Tenso e com personagens estruturados com firmeza, o filme funciona como entretenimento, pois é um suspense eletrizante sobre o potencial da imagem nos processos de representação do nosso cotidiano, além de promover reflexões. Prévio ao advento da ampla digitalização fotográfica, temos luz, composição química e papel na cristalização de um olhar, estabelecido para ser imortalizado. Sob a direção de Mark Romanek, cineasta guiado pelo próprio roteiro, acompanhamos Seymour Parrish (Robbin Williams), também chamado de Sy por alguns, um homem pacato, figura excêntrica mergulhada numa solidão e amargura entristecedora apenas pelo olhar. Logo na abertura, contemplamos o seu depoimento numa investigação. Será através da clássica narrativa em flashback que adentraremos na história da família Yorkin, alvo da obsessão do homem comum que leva o seu desejo pela imagem para o patamar da psicopatia. No filme, a fotografia passa de um documento que representa o “congelamento” de um momento histórico de nossa memória para um material de destruição de reputações em potencial.

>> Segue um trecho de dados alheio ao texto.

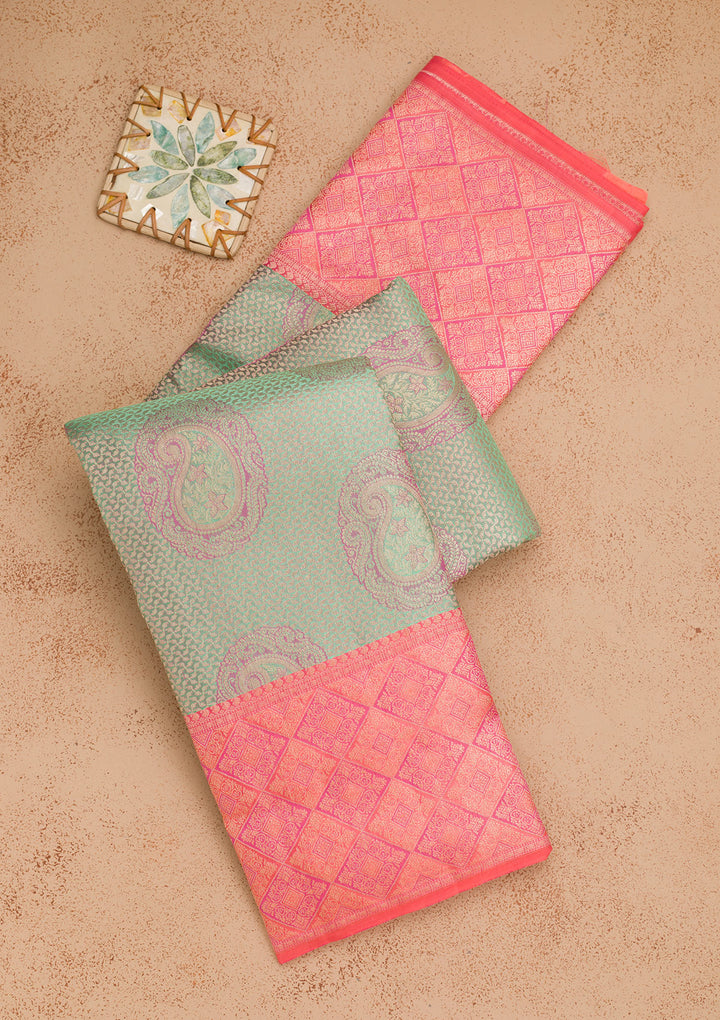 Pista Green Zariwork Pure Silk Saree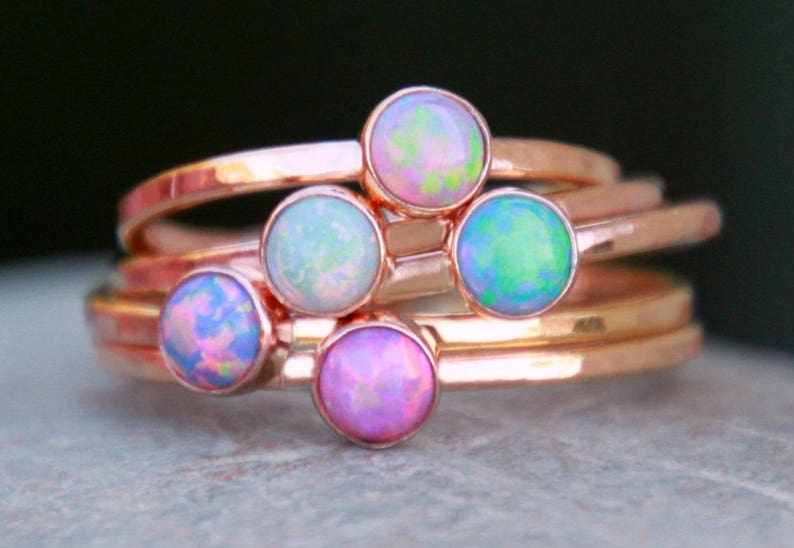 ROSE GOLD OPAL Stacking ring Opal ring Pink Gold Opal Ring Gemstone Ring October Ring stacking gemstone ring image 2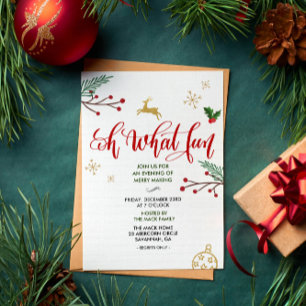 ホリデークリスマスウィンターパーティの招待状 招待状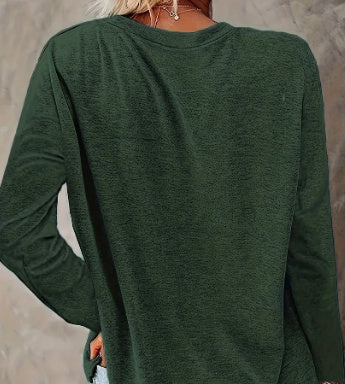 Festive Christmas Tree Print Long Sleeve Top for Women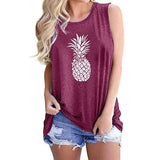Women Pineapple Tank Tops Summer Vibes Shirt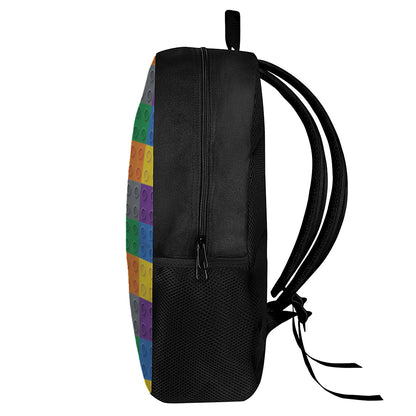 Building Blocks Toy Pattern Print 17 Inch Backpack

Ao longo dos primeiros instantes de retomada dos fatos para compreendermos a antecipação do desfecho, somos apresentados ao pequeno Jakob (Dylan Smith), filho do casal Nina (Connie Nielsen) e Will (Michael Vartan). Essa família feliz sequer imagina que Sy, o homem do supermercado que atende no guichê de revelações fotográficas, conhece os principais acontecimentos registrados na vida dessas pessoas. É como se o misterioso Sy soubesse tudo, e eles, ao contrário, não soubessem de nada sobre o homem que possui um mural gigantesco em seu apartamento, com fotos desta família que em sua imaginação, foi adotada como elo para suportar a solidão de sua vida em completo abandono social. Sy revela fotos há anos no guichê e conhece a vida de muitas pessoas pelas imagens, mas é no material da família Yorkin que ele se debruçara para a projeção de seus desejos diante de uma vida chata e insipida.

Nos desdobramentos de Retratos de Uma Obsessão, podemos refletir sobre como as nossas fotografias são contadoras de histórias de fragmentos da nossa vida, material que há tempos é tema da obsessão de outros tantos personagens cinematográficos, movimento ainda mais impulsionando com a banalização da imagem na era digital, o momento que vivemos no contemporâneo, sem o “filme” de 12, 24 ou 36 poses com possibilidade de “queimar” e ainda por cima nos ofertar número limitado de imagens. Agora podemos fazer milhares de versões de uma mesma imagem para arquivar ou apenas selecionar para descartar. Ao longo dos 96 minutos do filme dirigido habilmente por Romanek, acompanhamos uma jornada psicológica sobre voyeurismo e jogo de aparências.

Ao passo que Sy observa a família e seu amadurecimento por meio das fotografias como único recurso informativo, ele começa a perceber que aquelas pessoas não são exatamente quem ele imaginava. A pessoa que aparece na foto é a mesma que se porta diante de outro evento social? A mesma pessoa da imagem de uma família feliz seria capaz de trair a confiança do parceiro e ter um caso extraconjugal, registrado por burrice em fotografias que são reveladas por alguém que você não faz ideia, deseja ser parte da sua vida, por bem ou por mal? Depois de testemunhar um conjunto de imagens consideradas inapropriadas, a perversão psicológica de Sy ganha novos rumos e ele parte do que era desejo para a horripilante ação: infernizar e desconstruir essa família com a verdade impregnada nas imagens.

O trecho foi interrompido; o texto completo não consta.